# Celestial parrotlets as beginner parrot or something else?



## BlackRose (Jul 8, 2007)

I wouldn't be getting one yet..possibly when Steve has had his transplant or sometimein the future. I have always wanted a parrot. 
When I was younger I had always loved parrots and similar birds since having had cockatiels and budgies. 
One cockatiel (who passed away two days ago R.I.P Tufty), was bought as a hand reared baby. He was very affectionate and would sit on you for ages and be held. He would fly to you on command, mimic the phone and like to play.
He would only nibble and lick, never bite. 
Even being moved to an avairy he stayed tame. 

I was looking into possibly getting a cockatiel or budgie, but decided against it. Budgies constantly chatter and cockatiels are very noisy.

I know parrots are high maintinance and I know the requirements and behaviours of each one.
I had been looking into the celestial parrotlet seeing as they are only the size of a budgie, can usually only be kept singly and being quieter they make good apartment pets. Also for me withmy low pain threshold a smaller beak would be better. 

Before anyone says anything, I am not looking into getting a parrot for entertainment purposes but to experiencing owning one.
However having done the looking into and knowing I can own one in the future I would like to ask about the unimportant things that many people experience when owning a parrot.

African grey are my favourite, although labelled as a level 3/4 bird. They can talk very fluently. The beak puts me off. I don't fancy losing a finger if the parrots peeved one day.
Parrotlets are not noted for their good voice or vocabulary which is disappointing on that front as I would love one that would talk/ sing/ learn tricks etc. 
Again just as extra enjoyment out of the ownership. 
Does anyone own one and can you shed any light on just how good these guys are as beginner pets please and how good at talking etc they are.
They're supposed to have a quiet voice and are not as talkative as cockatiels or budgies, also noted for not screeching.
Makes me wonder though if it would be the same as a budgie where you don't hear what they're saying properly.
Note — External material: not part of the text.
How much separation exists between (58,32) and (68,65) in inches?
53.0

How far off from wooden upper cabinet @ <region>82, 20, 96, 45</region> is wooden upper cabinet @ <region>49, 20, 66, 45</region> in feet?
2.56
It's more of a mimicar than a talker.


----------



## BlackRose (Jul 8, 2007)

anyone?
i know its a long post. sorry:blush:


----------



## pigglywiggly (Jul 19, 2008)

i had two lutino ones living together happily in my kitchen, they had a mad 15 minutes of lovely singing in the morning, lovely birds but quite shy and sweet.

never kept one on its own tho!


----------



## LiamRatSnake (Jul 3, 2007)

Parrotlets are even smaller than a budgie lol. They are nothing like keeping a parrot really, they don't need half as much work. I've noticed with the ones I've met and worked, they seem to have a habit of being terretorial and biting each others toes, but I don't know if they're like that if they live together. They handle well and their bite isn't too painful. I've not noticed that they're particularly intelligent compared to other small birds, lovebirds/cockatiels ect.


----------



## BlackRose (Jul 8, 2007)

I heard unless they are male and female you should keep only one celestial in a cage cos they can get very territorial and have a tendancy to attack other birds.
One place told me they will do everything big parrots do and the other place told me they dont do anything...that they are just like lovebirds.


----------



## LiamRatSnake (Jul 3, 2007)

BlackRose said:


> I heard unless they are male and female you should keep only one celestial in a cage cos they can get very territorial and have a tendancy to attack other birds.
> One place told me they will do everything big parrots do and the other place told me they dont do anything...that they are just like lovebirds.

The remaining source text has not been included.